Given records:
▼
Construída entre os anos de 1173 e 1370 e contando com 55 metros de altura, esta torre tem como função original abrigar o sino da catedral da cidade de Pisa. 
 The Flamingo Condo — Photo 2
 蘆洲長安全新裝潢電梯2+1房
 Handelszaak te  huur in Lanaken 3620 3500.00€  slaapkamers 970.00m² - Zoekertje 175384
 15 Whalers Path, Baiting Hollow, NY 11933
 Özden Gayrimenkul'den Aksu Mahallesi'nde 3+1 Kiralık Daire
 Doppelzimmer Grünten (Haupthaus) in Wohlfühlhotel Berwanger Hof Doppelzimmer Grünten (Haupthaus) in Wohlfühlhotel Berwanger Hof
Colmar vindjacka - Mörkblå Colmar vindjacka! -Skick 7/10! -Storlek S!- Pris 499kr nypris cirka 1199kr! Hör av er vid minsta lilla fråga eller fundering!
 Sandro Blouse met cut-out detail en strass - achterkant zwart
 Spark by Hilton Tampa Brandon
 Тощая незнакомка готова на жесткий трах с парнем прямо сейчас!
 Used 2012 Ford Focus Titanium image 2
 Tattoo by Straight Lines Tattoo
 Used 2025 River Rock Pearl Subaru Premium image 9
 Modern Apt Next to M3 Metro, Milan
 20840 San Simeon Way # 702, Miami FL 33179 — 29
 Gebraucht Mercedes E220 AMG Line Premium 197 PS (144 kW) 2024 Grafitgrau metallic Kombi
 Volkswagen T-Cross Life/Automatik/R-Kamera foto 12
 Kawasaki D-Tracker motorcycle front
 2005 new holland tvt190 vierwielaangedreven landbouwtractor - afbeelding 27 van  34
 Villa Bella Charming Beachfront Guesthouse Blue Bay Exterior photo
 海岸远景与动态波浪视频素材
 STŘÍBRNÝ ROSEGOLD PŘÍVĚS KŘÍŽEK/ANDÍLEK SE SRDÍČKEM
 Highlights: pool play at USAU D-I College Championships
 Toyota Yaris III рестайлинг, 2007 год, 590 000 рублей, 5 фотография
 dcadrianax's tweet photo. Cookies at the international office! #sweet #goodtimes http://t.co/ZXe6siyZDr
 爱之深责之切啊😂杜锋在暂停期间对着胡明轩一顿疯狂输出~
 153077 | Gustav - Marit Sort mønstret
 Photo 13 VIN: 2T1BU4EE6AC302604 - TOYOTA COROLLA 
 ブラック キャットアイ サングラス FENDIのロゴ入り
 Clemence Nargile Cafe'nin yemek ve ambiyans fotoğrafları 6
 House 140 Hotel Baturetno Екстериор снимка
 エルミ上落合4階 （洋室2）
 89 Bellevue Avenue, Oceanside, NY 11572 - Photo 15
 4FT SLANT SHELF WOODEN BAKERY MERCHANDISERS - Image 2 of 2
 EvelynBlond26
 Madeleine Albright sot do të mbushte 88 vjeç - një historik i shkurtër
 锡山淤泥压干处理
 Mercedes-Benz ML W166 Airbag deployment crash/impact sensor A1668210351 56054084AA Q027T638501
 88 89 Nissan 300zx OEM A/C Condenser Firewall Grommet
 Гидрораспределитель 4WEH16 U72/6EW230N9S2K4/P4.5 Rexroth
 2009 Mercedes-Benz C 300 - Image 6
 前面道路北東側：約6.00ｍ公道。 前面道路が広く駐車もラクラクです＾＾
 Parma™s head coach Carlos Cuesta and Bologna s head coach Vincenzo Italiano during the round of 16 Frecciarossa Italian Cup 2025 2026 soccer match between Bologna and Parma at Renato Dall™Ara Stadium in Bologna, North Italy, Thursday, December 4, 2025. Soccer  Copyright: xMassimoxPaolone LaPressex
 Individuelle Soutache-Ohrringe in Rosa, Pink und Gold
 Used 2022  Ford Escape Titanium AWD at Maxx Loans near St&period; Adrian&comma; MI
▲
Description of the task: As the answer, set down only the lines from the data above between the one holding "Mercedes-Benz ML W166" and the one holding "前面道路北東側：約6.00ｍ公道。 前面道路が広く駐車もラクラクです＾＾", inclusive, exactly as they read.

Reply:
 Mercedes-Benz ML W166 Airbag deployment crash/impact sensor A1668210351 56054084AA Q027T638501
 88 89 Nissan 300zx OEM A/C Condenser Firewall Grommet
 Гидрораспределитель 4WEH16 U72/6EW230N9S2K4/P4.5 Rexroth
 2009 Mercedes-Benz C 300 - Image 6
 前面道路北東側：約6.00ｍ公道。 前面道路が広く駐車もラクラクです＾＾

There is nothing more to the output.